Date: 16th August 2011

In March 2011, the International Monetary Fund (IMF) published a new policy paper on Revenue Mobilization in Developing Countries. Normally, taxes are not the kind of thing that fires the public imagination. So why is the IMF paper so important for the development process?

First, the IMF has shifted its position on several important policy issues:

  • The report states that many governments need to collect a larger proportion of national income in taxes to fund social programmes.
  • It argues for using property taxes to help fund neglected sub-national governments.
  • It acknowledges that taxation can serve purposes beyond simply raising public revenue, including state building.

But what motivated the new policy is even more exciting: international actors – including the G20OECDUN, and the European Commission and European Parliament – are competing to put tax at the centre of the development policy agenda. Even Hillary Clinton made this the main subject of a speech in Brussels this summer.

Aid and development organisations probably have organised more seminars, meetings and conferences on ‘tax and development’ in the last two years than they did in the previous twenty. The topic is hot, and the IMF feels the need to be responsive.

But why is tax and development such a hot topic right now?

Financial crises sharpens the focus on tax and development

The biggest factor behind interest in tax is the fiscal crisis facing richer countries. Governments are looking for new revenues, and ways to close tax gaps and loopholes.

Developing countries are starting to play a larger role in this story. OECD governments want developing country tax authorities to help trace international capital movements and tax evaders.

Can taxes step up where aid lets off?

But there is more to the story. Over the past decade, international advocacy organisations have revealed how much capital has been funnelled out of poor countries by rich people and transnational companies. Although the figures are disputed, the outflow has at times exceeded aid flows into a country.

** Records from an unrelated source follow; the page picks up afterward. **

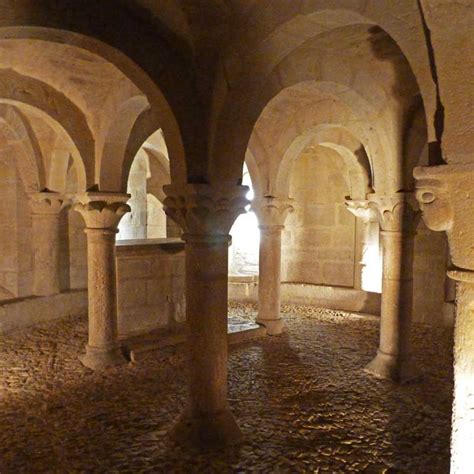 IGLESIA DE SAN MARTÍN DE UNX TURISMO NAVARRA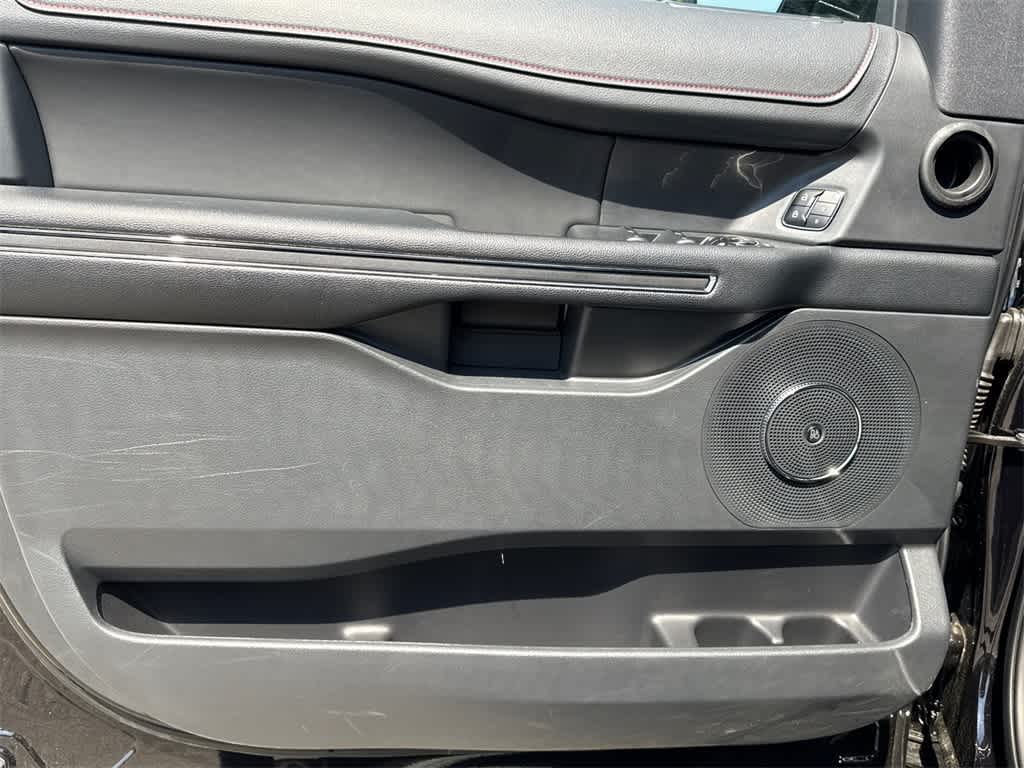 Thumbnail: 2023 Ford Expedition MAX - 10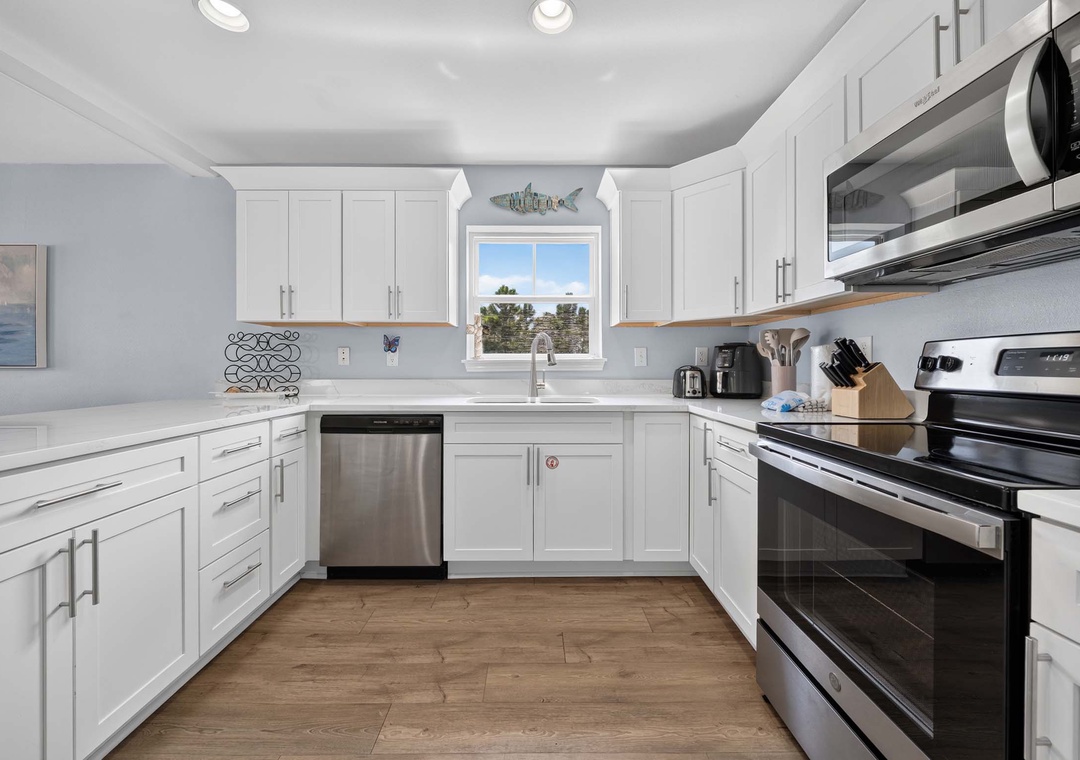 Full kitchen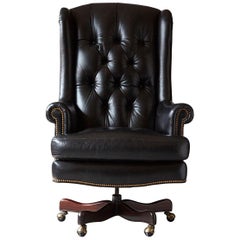 Fauteuil de direction pivotant et inclinable en cuir noir tufté par Hancock & Moore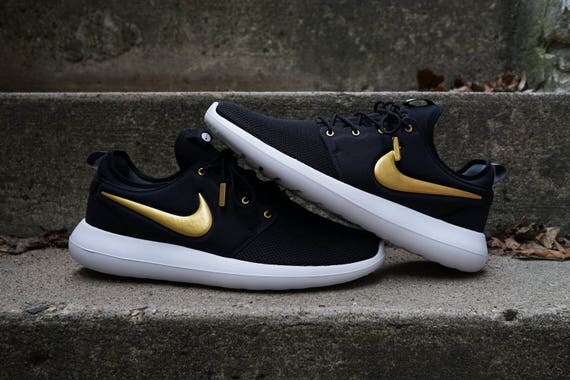 roshe 2 gold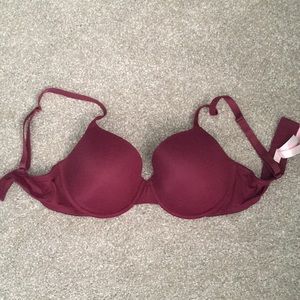 Never been worn PINK Victoria’s Secret T-shirt Bra
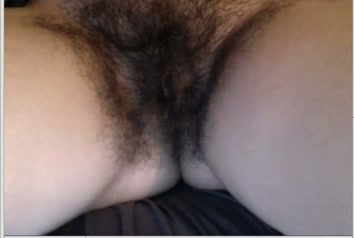 I expose my extremely hirsute cunny and rub it with my fingers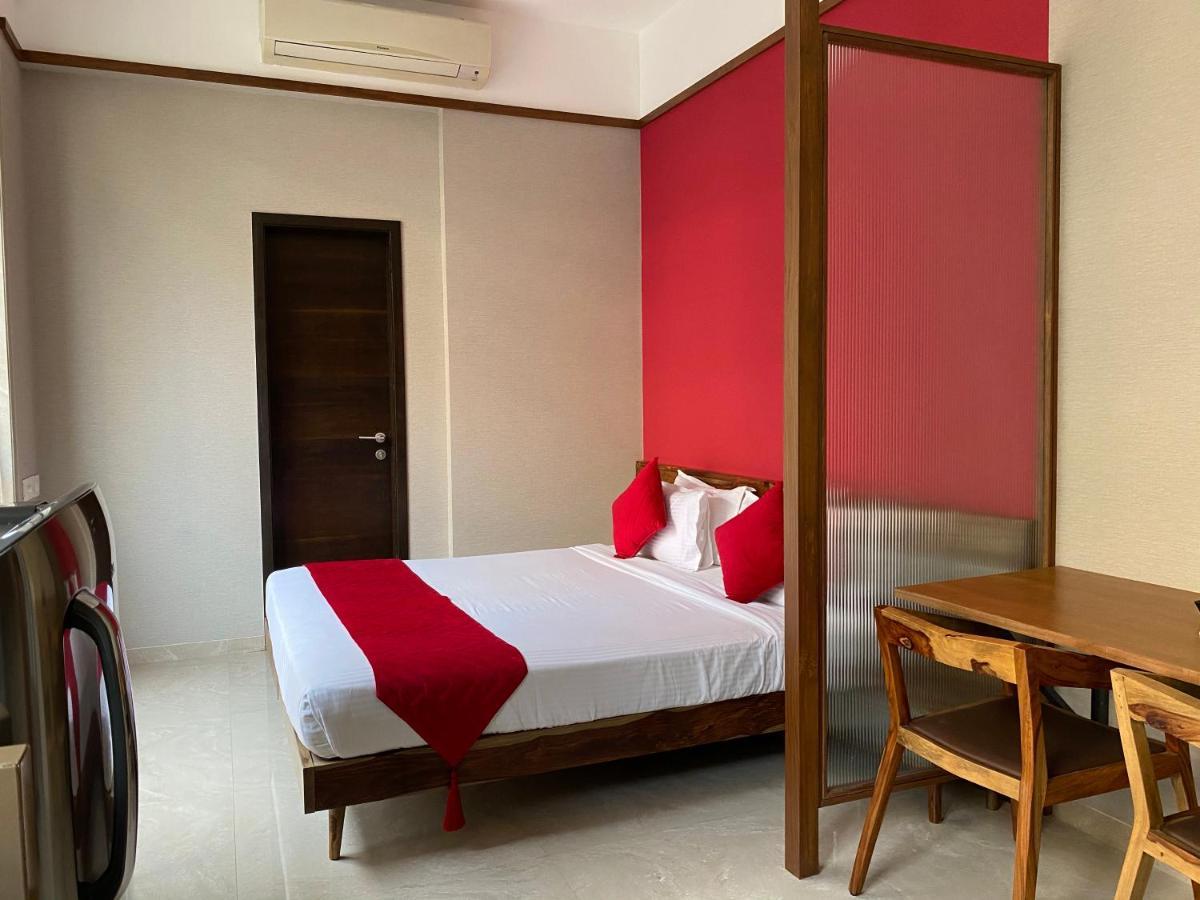 Theory9 Premium Service Apartments Khar Bombaim Exterior foto
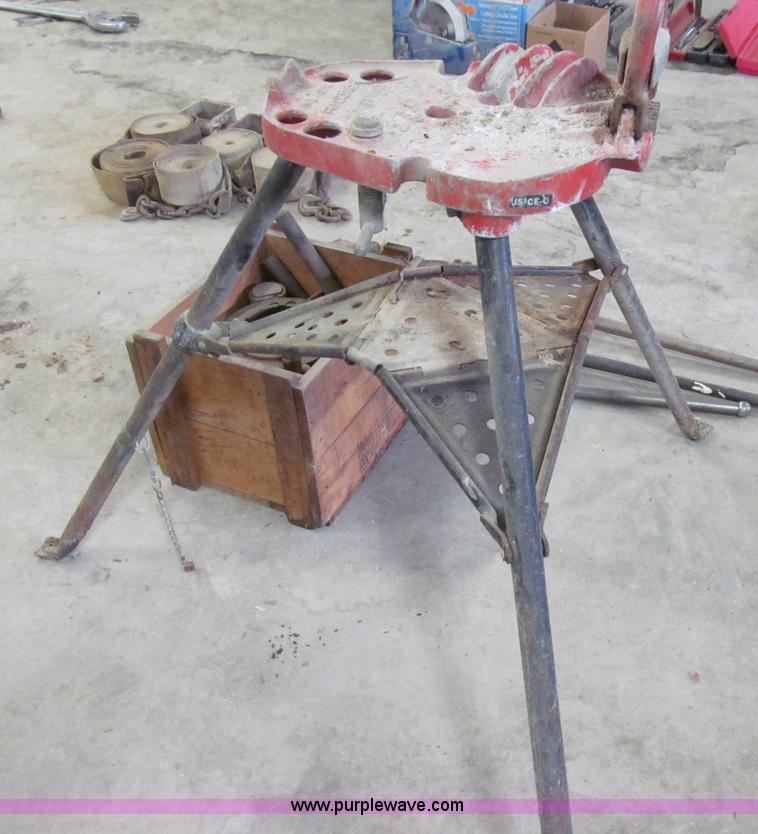 image for item O9139 Ridgid pipe threader set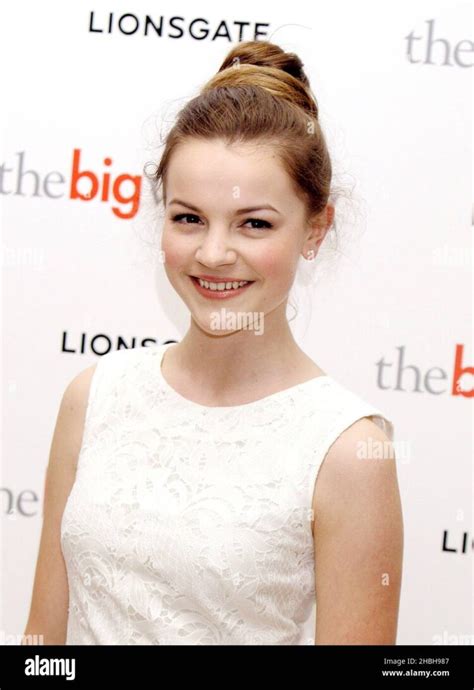 Hot Sexy Izzy Meikle Small Bikini Pics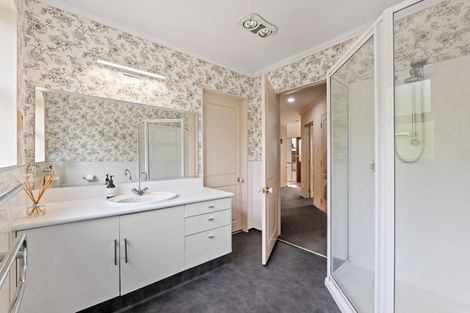 Photo of property in 331 Devon Street West, New Plymouth, 4310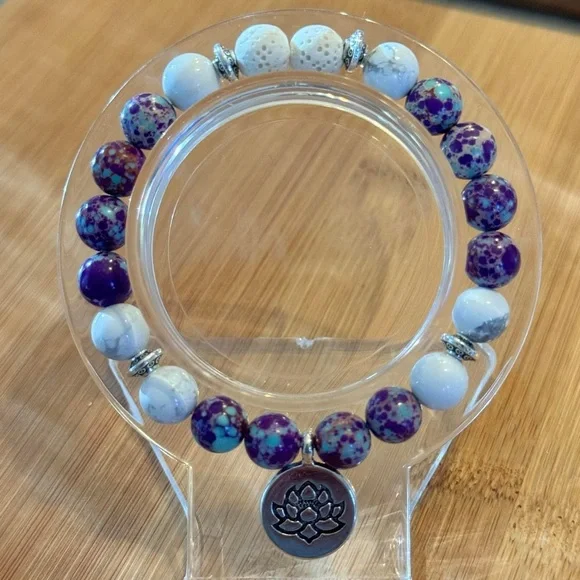 Natural stone and lava bead bracelet - Picture 1 of 1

Does it make sense to pressure governments of richer countries to increase aid to Africa if similar sums are quietly coming back as a result of tax evasion and transfer mispricing?

At the same time, development aid has come under sustained critique. The view that Africans would be better off without foreign aid – and therefore with higher domestic tax burdens – has become more widespread. There is now more informed discussion about trade-offs between financing government expenditures with aid versus domestic taxes.

African nations lead on using tax policy for nation building

Tax also has state-building dimensions. Development researchers have demonstrated that governments that were financed by aid or natural resource revenues – rather than through domestic taxation – were unlikely to govern well (See Taxation and State-Building in Developing Countries).

Taxation does not serve simply to raise revenue; it can also stimulate better governance

In English-speaking African countries, a new group of senior tax administrators has begun to mobilise around the notion that good tax policy can help build nations. Motivated by a mission to end aid dependence, this group formed the African Tax Administration Forum (ATAF).

‘Tax and development’ is on the agenda not only as a fiscal issue, but also as a part of governance, accountability and state-building. The debate is animated by an optimistic sense of progress and mission.

And African nations are in the lead.